Inchiesta Blu belga sulla carne piemontese spacciata per valdostana: le prime sentenze

09 Novembre 2016

Sono arrivate stamattina, al termine dell’udienza a porte chiuse dinanzi al giudice Davide Paladino, le prime sentenze dell’inchiesta “Blu Belga”, nata a fine 2014 da alcuni accertamenti effettuati dal Corpo Forestale Valdostano sulla macellazione clandestina e che ha visto il pubblico ministero Luca Ceccanti contestare a quindici persone reati che includono il concorso in falso, la soppressione di atti veri, la violazione di sigilli e l'omessa denuncia di reato da parte di pubblico ufficiale.

Le posizioni definite oggi, mercoledì 9, riguardano coloro che, nelle precedenti udienze preliminari, avevano optato per riti alternativi. In particolare, è stato condannato a un anno e quattro mesi (pena sospesa) Paolo Moussanet, 54 anni, di Challand-Saint-Victor. Sono invece stati assolti Camillo Pecco, 54 anni, di Gressoney-Saint-Jean e Andrea Piatti, 53 anni, veterinario dell’Unità Sanitaria Locale della Valle d’Aosta.

Sono quindi stati accolti i patteggiamenti chiesti da: Gabriele Empereur, 71 anni, di Gressan (otto mesi di reclusione e 800 euro di multa); Ezio Chabloz, 53 anni di Sarre (sei mesi di reclusione e 200 euro di multa); Albein Bagnod, 37 anni, di Challand-Saint-Victor (otto mesi di reclusione); Franca Marcoz, 56 anni, di Brissogne (sei mesi di reclusione)

La messa alla prova (una misura alternativa per l’estinzione del reato) è stata infine chiesta da: Mathieu Chabod, 20 anni, di La Salle; Alfredo Girod, 32 anni, di Fontainemore; Leo Montrosset, 45 anni, di Jovençan.

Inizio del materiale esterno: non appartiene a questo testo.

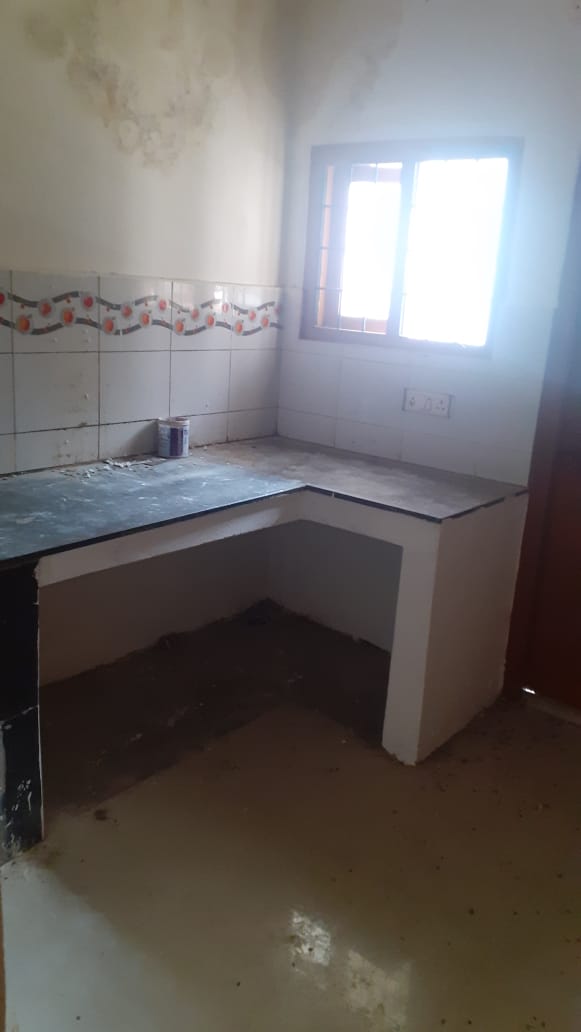 2 BHK Flat  for sale in L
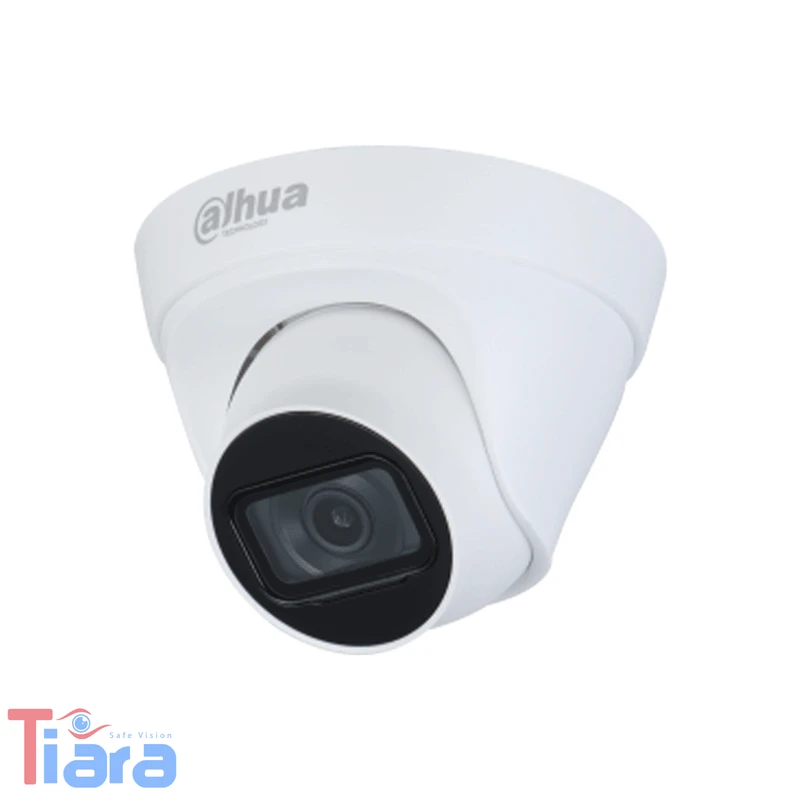 دوربین مداربسته داهوا مدل DH-IPC-HDW1230T1A-S4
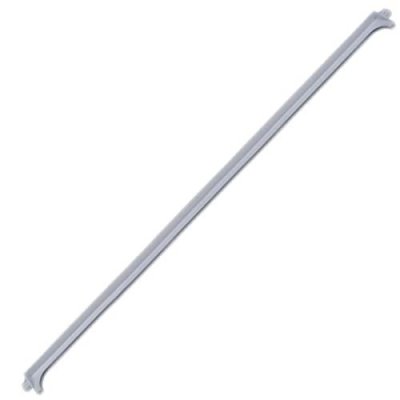 BEKO Profil Arriere De Clayette Pour Refrigerateur  - 4864620200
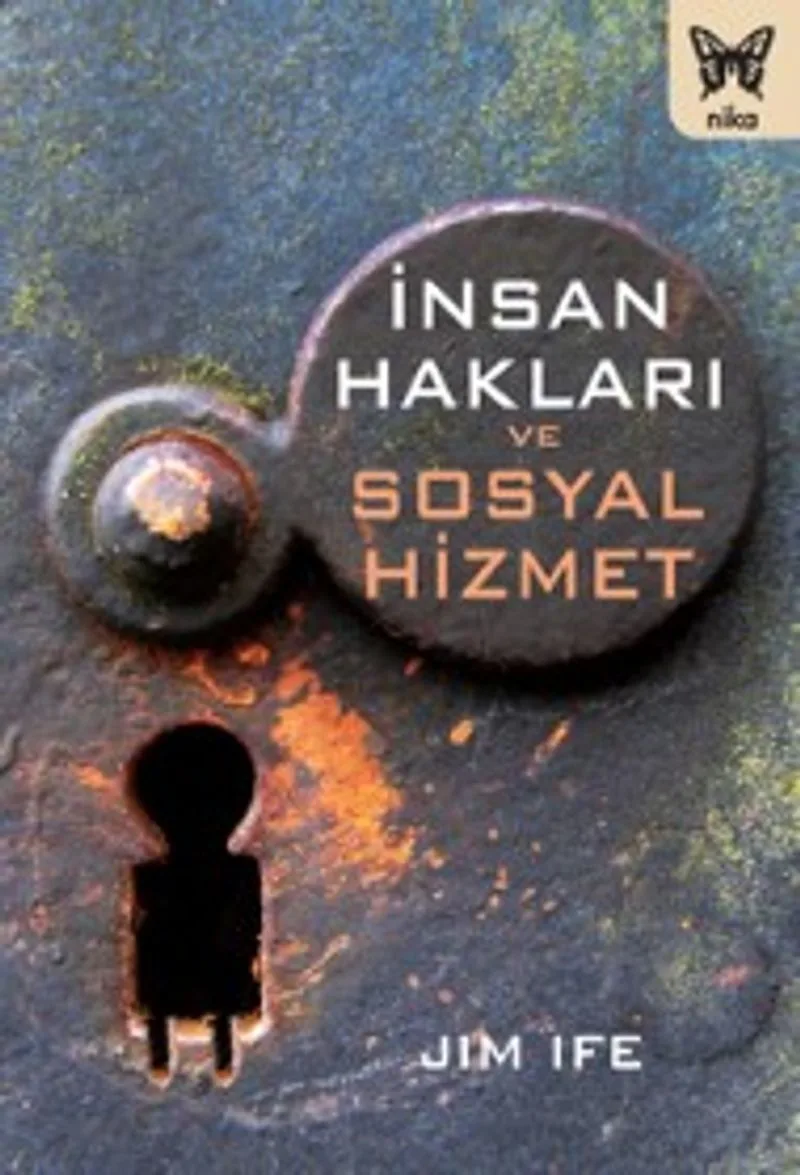 İnsan Hakları ve Sosyal Hizmet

Per tutti gli altri imputati – cioè Guido Chaussod, 62 anni, di Nus; Paolo Consol, 62 anni di Issime; Cassiano Treboud, 42 anni di La Salle; Marco Cerise, 38 anni, di Sarre; Piergiorgio Colleoni, 47 anni, di Fontainemore – è stato disposto il rinvio a giudizio. Compariranno quindi nell’udienza dibattimentale, dinanzi al giudice monocratico, fissata per il 20 aprile 2017.

Nel corso delle indagini, iniziate appunto con dei controlli a Nus, gli inquirenti avevano approfondito le modalità con cui alcuni bovini piemontesi venivano macellati, per essere poi commercializzati come carne valdostana. Oltre a individuare una decina di casi del genere (in cui la “valdostanizzazione” era avvenuta grazie a marche auricolari e microchip rimossi da mucche autoctone), erano emersi gli episodi di sei animali maltrattati e uccisi, diciassette carcasse smaltite illecitamente, nonché di trentotto forme di formaggio "insudiciate" e invase da parassiti.